## MATERIAL SUPPLIED
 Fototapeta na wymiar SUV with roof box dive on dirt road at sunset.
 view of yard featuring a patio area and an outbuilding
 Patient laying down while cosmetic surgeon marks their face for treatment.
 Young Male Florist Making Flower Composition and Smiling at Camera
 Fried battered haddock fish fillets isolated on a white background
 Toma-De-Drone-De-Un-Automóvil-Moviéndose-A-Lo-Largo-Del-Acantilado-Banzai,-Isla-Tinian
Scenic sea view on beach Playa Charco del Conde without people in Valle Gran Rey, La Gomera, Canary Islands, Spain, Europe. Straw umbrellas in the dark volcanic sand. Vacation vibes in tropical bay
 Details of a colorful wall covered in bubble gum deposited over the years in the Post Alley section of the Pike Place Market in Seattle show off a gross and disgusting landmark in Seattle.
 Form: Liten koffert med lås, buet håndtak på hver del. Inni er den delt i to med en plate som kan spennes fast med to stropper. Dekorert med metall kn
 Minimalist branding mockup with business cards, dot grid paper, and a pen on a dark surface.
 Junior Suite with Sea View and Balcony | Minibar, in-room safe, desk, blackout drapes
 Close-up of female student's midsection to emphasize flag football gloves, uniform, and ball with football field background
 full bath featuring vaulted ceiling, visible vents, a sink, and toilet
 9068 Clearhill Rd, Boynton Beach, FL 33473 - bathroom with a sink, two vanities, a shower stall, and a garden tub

## WORK ORDER
Precisely the lines between those holding "Toma-De-Drone-De-Un-Automóvi" and "Scenic sea view", inclusive, are to be reproduced from the listing above, with nothing added.

## ANSWER AREA
 Toma-De-Drone-De-Un-Automóvil-Moviéndose-A-Lo-Largo-Del-Acantilado-Banzai,-Isla-Tinian
Scenic sea view on beach Playa Charco del Conde without people in Valle Gran Rey, La Gomera, Canary Islands, Spain, Europe. Straw umbrellas in the dark volcanic sand. Vacation vibes in tropical bay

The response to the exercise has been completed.